### [EXERCISE PROMPT]
For the data below, restate word for word only the lines from the line containing "Junk] 1100 yen" through the line containing "Змішувач для кухні", both ends included.
[MATERIAL FOR THIS TASK Boundary: Start]
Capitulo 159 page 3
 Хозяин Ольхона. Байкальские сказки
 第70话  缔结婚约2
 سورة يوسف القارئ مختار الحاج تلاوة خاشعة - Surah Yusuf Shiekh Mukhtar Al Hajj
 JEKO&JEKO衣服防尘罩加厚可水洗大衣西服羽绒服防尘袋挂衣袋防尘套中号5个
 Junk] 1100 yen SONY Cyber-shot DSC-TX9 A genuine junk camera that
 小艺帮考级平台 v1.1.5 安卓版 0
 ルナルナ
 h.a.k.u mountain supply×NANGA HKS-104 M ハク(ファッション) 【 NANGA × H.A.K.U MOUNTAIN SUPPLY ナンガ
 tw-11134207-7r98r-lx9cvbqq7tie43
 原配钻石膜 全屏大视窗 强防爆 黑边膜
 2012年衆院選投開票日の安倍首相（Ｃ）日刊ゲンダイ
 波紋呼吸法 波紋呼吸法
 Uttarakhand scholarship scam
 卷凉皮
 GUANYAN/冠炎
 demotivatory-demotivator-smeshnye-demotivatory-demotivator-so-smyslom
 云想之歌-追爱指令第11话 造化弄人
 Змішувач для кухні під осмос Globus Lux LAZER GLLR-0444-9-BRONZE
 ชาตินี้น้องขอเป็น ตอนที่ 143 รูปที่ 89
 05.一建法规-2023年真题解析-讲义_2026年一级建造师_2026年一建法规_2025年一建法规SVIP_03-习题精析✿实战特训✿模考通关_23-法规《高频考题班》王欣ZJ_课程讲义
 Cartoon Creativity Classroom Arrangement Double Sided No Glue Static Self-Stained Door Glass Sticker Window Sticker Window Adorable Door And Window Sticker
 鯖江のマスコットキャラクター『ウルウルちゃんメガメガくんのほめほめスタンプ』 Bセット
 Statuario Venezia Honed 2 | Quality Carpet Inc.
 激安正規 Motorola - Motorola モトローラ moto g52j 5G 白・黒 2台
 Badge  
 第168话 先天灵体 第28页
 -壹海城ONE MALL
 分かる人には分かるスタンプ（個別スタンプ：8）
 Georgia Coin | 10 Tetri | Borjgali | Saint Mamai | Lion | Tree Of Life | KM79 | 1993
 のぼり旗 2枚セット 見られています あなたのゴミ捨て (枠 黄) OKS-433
[MATERIAL FOR THIS TASK Boundary: End]
### [RESPONSE TO THE TASK]
 Junk] 1100 yen SONY Cyber-shot DSC-TX9 A genuine junk camera that
 小艺帮考级平台 v1.1.5 安卓版 0
 ルナルナ
 h.a.k.u mountain supply×NANGA HKS-104 M ハク(ファッション) 【 NANGA × H.A.K.U MOUNTAIN SUPPLY ナンガ
 tw-11134207-7r98r-lx9cvbqq7tie43
 原配钻石膜 全屏大视窗 强防爆 黑边膜
 2012年衆院選投開票日の安倍首相（Ｃ）日刊ゲンダイ
 波紋呼吸法 波紋呼吸法
 Uttarakhand scholarship scam
 卷凉皮
 GUANYAN/冠炎
 demotivatory-demotivator-smeshnye-demotivatory-demotivator-so-smyslom
 云想之歌-追爱指令第11话 造化弄人
 Змішувач для кухні під осмос Globus Lux LAZER GLLR-0444-9-BRONZE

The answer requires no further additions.